While occasionally entertaining, this kind of thing can make the entire work of arguing seem useless. If we want to make public discourse better, we have to get into the habit of not doing the same sort of thing to others. We have to assess all the possibilities for what someone might have meant, and not just assume the worst ones. We have to make sure to deal with what our opponent is actually saying, or might actually mean. When we don’t address someone’s real arguments, our counterarguments entirely miss the mark, since they’re attacking arguments that haven’t been brought up, and we convince neither our conversation partner nor anyone else watching. In such a case, we fail to do our job of defeating incorrect ideas.

The best counterarguments not only address arguments that are actually on the table, but also come from a place of empathetic epistemology. I’ve always described it as “mind-mapping,” that work we do to try to understand why our opponents believe and why. It’s about imagining what it feels like to believe what others believe from the inside. It means having a sense of what it would be like to have another worldview, where all rational connections spring from certain premises you may not share and all evidence is filtered through it. It requires understanding why that worldview is emotionally compelling in the first place, how it claims to “make sense.” And mostly this understanding comes out of taking arguments seriously and doing good research. The people who are really good at it are able to make entire arguments from another point of view. It’s hard work, but without it, we’re likely to miss others’ true beliefs, and thereby miss a chance to truly and properly engage.

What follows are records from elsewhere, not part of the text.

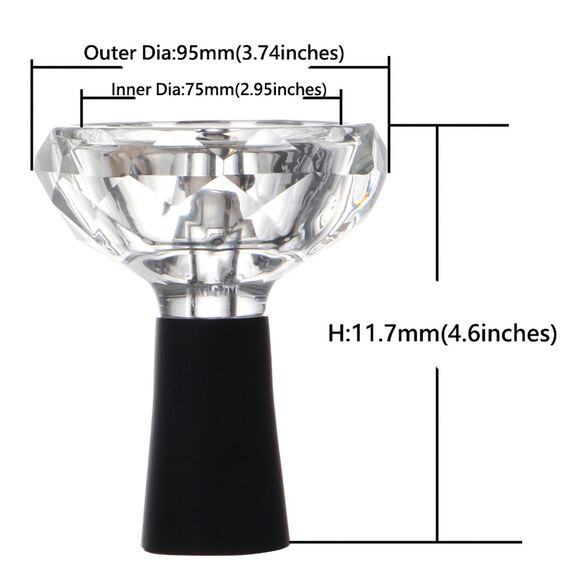 AGSDGAWD Shisha-Schale, Phunnel, diamantförmige Glas-Shisha-Schüssel, groß, hochtemperaturbeständig für Wärmemanagementsysteme, verbessern Sie Ihr Shisha-Erlebnis (Farbe: Schwarz)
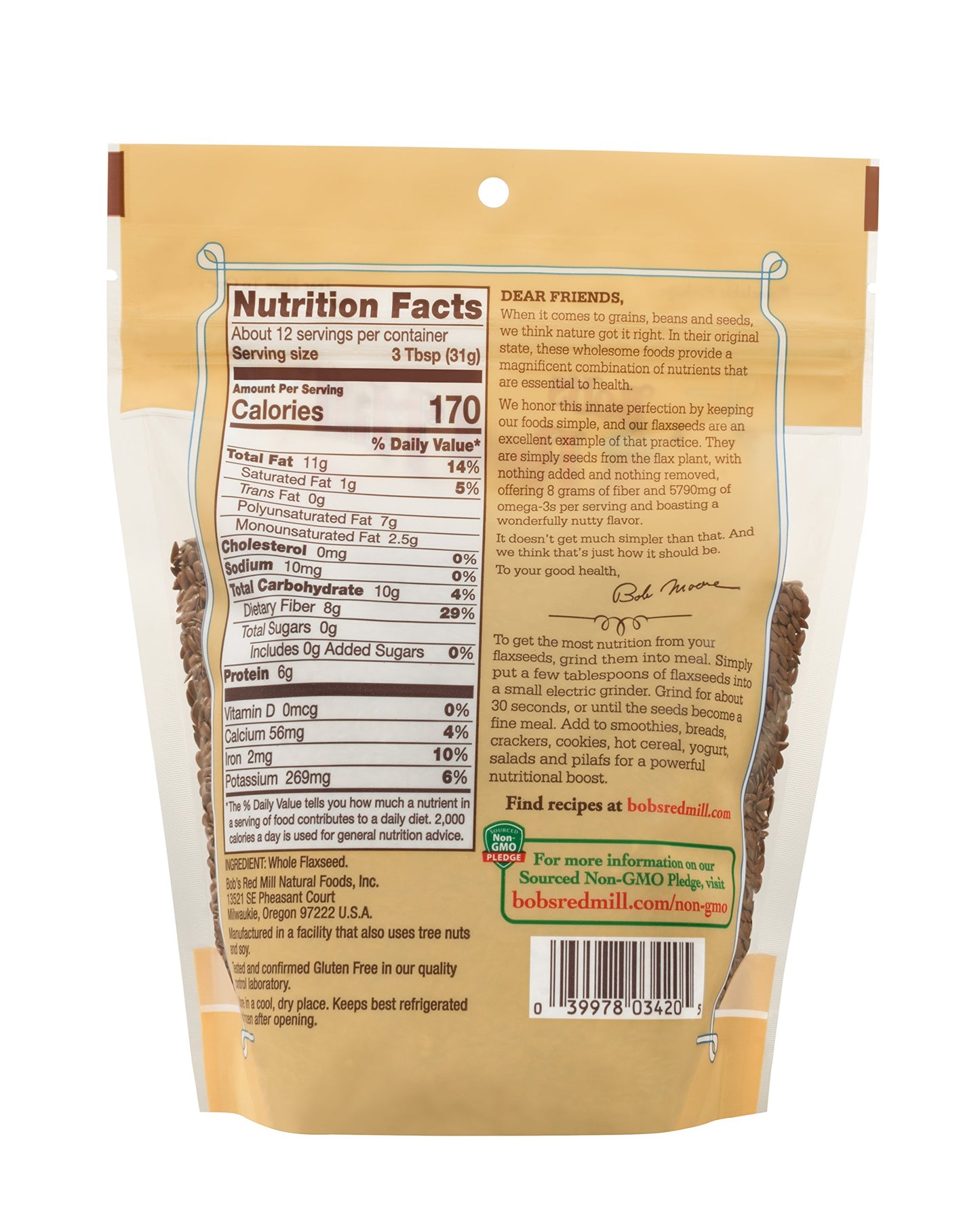 BOB'S RED MILL, Flaxseeds, Gluten Free, Pack of 6, Size 13 OZ, (Gluten Free Kosher)6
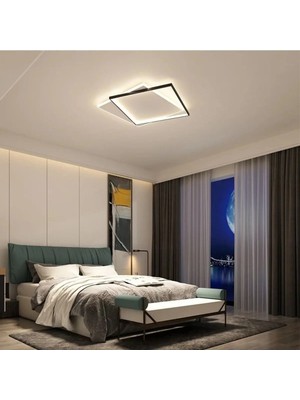 Ömür Avize Irem Siyah Beyaz Kasa Kare Ledli Avize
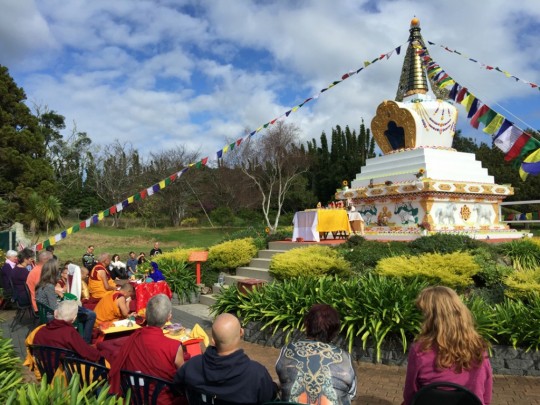 Lama Zopa Rinpoche consecrating stupa at Mahamudra Centre, New Zealand, May 2015. Photo by Ven. Thubten Kunsang.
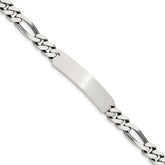Sterling Silver 8inch Engraveable Antiqued Figaro Link ID Bracelet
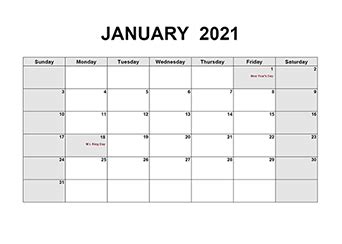 Yearly calendar for 2021 on 2 pages, landscape orientation. Free Printable Calendars 2021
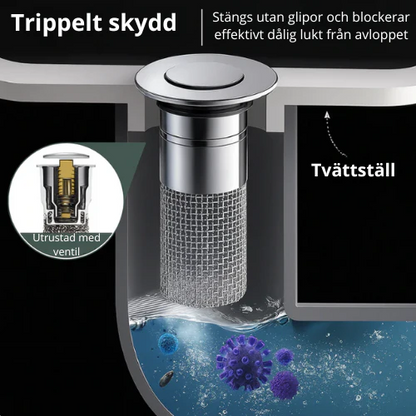 KlarFlöde™ Pop-Up Avloppsstopp med Filter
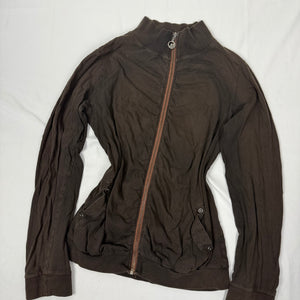 Brown ruched 100% cotton zip up sweatshirt (M/L)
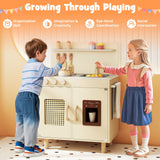 Wooden Pretend Kitchen Playset with Realistic Ice Maker and Accessories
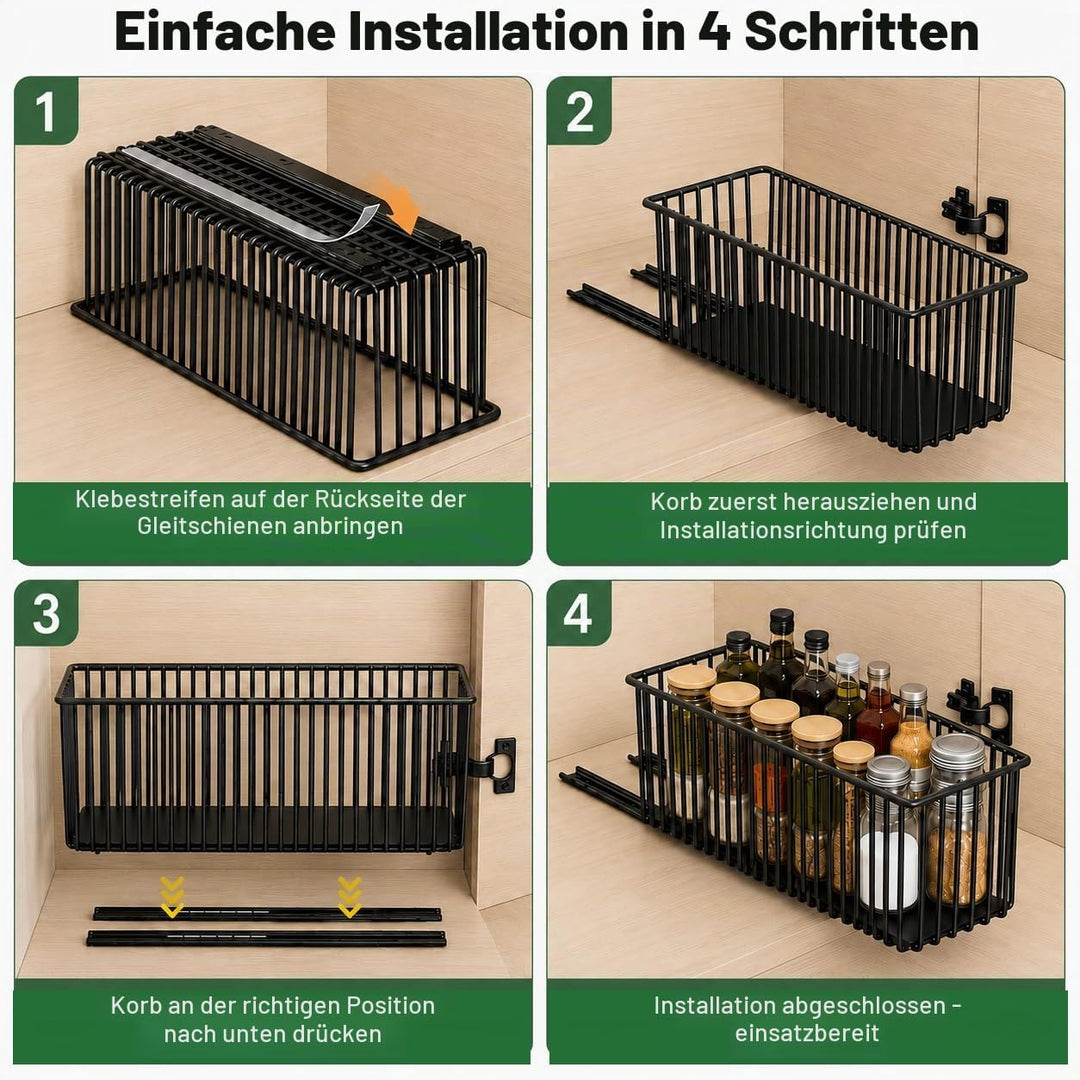 4er Set Ausziehbare Schublade Küche Schmal 15,3cm, Teleskopschublade Ohne Bohren, Nischenregal Schra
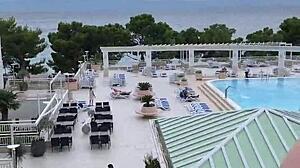 Masturbating Outdoors With Lisa On Public Balcony During Holiday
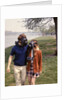 1970s Young Romantic Teenage Couple Man Woman Wearing Gas Masks Walking By River by Anonymous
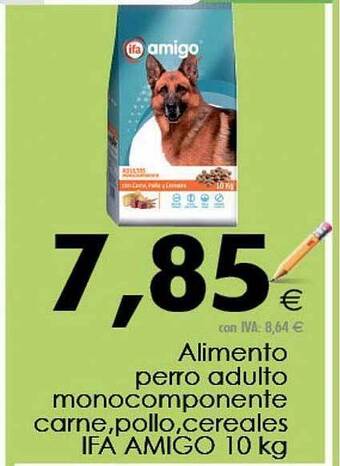 Cash Ifa Alimento perro adulto monocomponente carne pollo cereales ifa amigo oferta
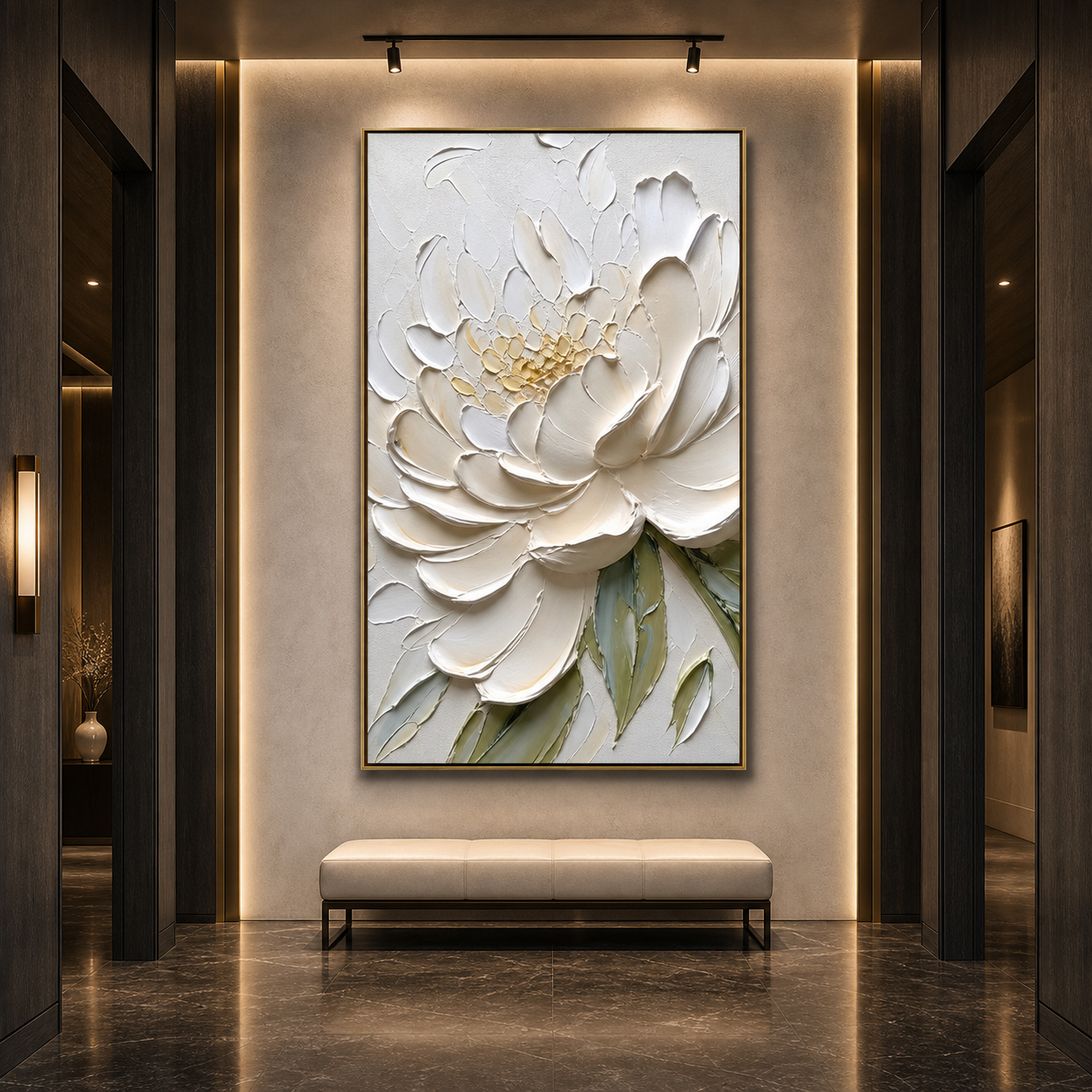 IVORY PETALS: Ivory White Impasto Peony  Canvas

If we’re not charitable, discussion tends not to get very far. As so many of us have experienced, when people feel that their true arguments are being ignored, they tend to shut down and get angry. The argument becomes heated and unproductive, and then no one gains anything of value.  Even if you are a generally charitable person, it’s worth making an extra effort to make sure that you’re responding conscientiously to an argument you don’t like or don’t agree with, so that everyone can learn from each other. How else will we make sure that we know more about the world today that we knew yesterday?

Example (added later): N.T. Wright, a prominent Christian theologian, has said that, “The guillotine and the gas chamber are two of secular modernism’s most potent and revealing symbols,” the implication being that secularism is somewhat responsible for Hitler and his genocide. I personally find this to be a horrendous and cheap rhetorical point, a clear case of Godwin’s Law in action. Holocaust appropriation is immensely frustrating, and no more so than when Christians, historically not friends of the Jews, appropriate it for the purpose of attacking atheists, another minority religious group. And while that interpretation might end up being right, I was wrong when I accounted for no other possibilities. I was set straight by a dear friend, who pointed out the following: that if historically secularism did indeed lead to moral atrocities, then Wright had a responsibility to say so; that a certain understanding of moral law does preclude secular morality from having any weight; and that such views needed to be allowed in the public discourse. Agree with him or not (and I’m not sure I do), he was right that I hadn’t tried to understand the situation from Wright’s philosophical point of view or even considered alternate interpretations (less awful ones, that is) of what he’d said. In order to demonstrate that my opinion was correct, I had to address other possibilities, and attempt to look at them through the eyes of a different worldview. Only then could I really address what was said with due rigor and intellectual honesty.